The data:
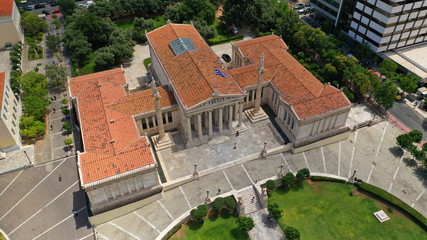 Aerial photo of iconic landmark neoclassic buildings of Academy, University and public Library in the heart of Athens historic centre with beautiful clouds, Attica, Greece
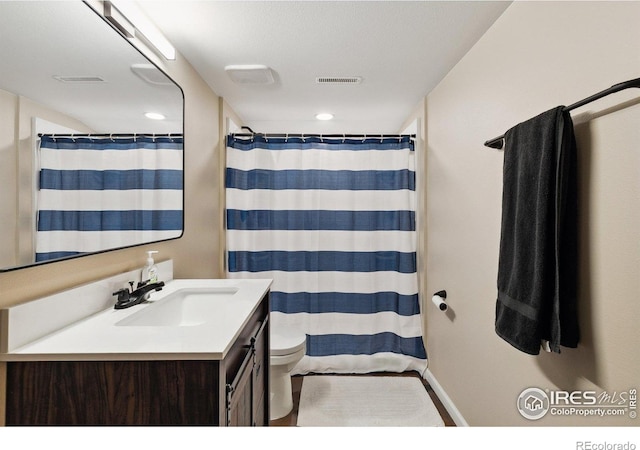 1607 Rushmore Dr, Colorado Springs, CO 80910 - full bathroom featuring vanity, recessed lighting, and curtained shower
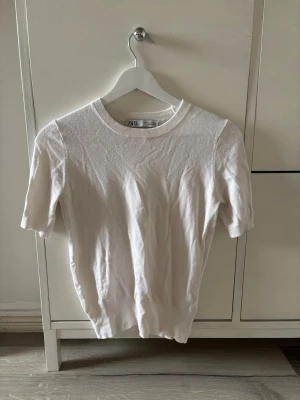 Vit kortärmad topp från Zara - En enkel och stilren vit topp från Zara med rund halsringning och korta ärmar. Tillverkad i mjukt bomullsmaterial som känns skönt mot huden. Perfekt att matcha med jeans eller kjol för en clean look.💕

What you need to do: With the images omitted, repeat all the data word for word.

Answer space:
 Aerial photo of iconic landmark neoclassic buildings of Academy, University and public Library in the heart of Athens historic centre with beautiful clouds, Attica, Greece
 1607 Rushmore Dr, Colorado Springs, CO 80910 - full bathroom featuring vanity, recessed lighting, and curtained shower
 Vit kortärmad topp från Zara - En enkel och stilren vit topp från Zara med rund halsringning och korta ärmar. Tillverkad i mjukt bomullsmaterial som känns skönt mot huden. Perfekt att matcha med jeans eller kjol för en clean look.💕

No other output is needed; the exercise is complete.